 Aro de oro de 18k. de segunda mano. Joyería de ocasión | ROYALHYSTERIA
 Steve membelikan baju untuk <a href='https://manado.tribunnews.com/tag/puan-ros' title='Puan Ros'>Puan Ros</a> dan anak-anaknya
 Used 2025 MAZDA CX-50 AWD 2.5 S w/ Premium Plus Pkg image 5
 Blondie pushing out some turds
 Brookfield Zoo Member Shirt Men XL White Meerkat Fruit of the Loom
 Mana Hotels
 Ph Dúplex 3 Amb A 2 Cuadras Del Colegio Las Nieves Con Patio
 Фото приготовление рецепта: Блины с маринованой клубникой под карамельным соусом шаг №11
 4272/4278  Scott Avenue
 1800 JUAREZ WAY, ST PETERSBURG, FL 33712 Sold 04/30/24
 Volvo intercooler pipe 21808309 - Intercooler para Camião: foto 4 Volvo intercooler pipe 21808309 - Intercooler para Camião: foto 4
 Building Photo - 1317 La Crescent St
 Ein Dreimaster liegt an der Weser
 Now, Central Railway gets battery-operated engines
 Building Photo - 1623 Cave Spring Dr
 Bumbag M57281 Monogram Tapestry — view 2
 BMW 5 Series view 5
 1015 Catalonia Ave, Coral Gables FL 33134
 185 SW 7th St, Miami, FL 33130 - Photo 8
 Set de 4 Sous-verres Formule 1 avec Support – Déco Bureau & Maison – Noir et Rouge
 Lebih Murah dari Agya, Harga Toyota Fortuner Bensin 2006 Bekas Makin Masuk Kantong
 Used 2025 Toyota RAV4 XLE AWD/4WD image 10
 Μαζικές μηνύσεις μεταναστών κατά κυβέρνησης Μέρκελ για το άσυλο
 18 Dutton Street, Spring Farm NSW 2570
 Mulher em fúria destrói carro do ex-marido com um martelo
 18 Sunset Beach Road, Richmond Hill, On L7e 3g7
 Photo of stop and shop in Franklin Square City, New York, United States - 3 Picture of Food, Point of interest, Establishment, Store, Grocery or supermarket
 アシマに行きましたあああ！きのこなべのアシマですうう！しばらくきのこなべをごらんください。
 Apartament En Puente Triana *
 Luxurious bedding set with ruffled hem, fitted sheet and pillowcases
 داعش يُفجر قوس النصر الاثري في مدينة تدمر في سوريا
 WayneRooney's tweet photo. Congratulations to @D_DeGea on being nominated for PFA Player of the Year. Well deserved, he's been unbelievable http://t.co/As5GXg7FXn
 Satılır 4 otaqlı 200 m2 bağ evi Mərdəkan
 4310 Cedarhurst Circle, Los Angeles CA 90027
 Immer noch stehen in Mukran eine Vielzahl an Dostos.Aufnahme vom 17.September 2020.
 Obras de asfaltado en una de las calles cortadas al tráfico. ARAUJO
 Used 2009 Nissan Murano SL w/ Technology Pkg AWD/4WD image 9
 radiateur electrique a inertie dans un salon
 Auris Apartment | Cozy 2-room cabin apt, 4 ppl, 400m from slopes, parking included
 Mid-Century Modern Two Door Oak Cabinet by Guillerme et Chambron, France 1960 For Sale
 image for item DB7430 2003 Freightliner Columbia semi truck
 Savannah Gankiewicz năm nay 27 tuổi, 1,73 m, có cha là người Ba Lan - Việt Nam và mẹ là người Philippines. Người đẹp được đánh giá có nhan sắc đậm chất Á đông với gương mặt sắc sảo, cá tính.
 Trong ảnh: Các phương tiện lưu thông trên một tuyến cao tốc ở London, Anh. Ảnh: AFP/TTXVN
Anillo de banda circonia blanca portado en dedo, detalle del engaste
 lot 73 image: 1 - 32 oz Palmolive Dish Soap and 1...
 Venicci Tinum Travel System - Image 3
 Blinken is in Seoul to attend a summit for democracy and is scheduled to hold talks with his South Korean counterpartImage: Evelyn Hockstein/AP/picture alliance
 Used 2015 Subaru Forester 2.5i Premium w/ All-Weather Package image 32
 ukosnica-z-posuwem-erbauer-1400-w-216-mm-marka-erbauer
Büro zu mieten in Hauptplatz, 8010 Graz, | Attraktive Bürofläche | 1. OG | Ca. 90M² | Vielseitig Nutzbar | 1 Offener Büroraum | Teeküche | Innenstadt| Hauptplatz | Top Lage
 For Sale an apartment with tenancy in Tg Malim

■ **ASSIGNMENT**:
Apply a filter for "view" to the data above, then copy each line that matches.

■ **SOLUTION TO THIS PROBLEM**:
 Bumbag M57281 Monogram Tapestry — view 2
 BMW 5 Series view 5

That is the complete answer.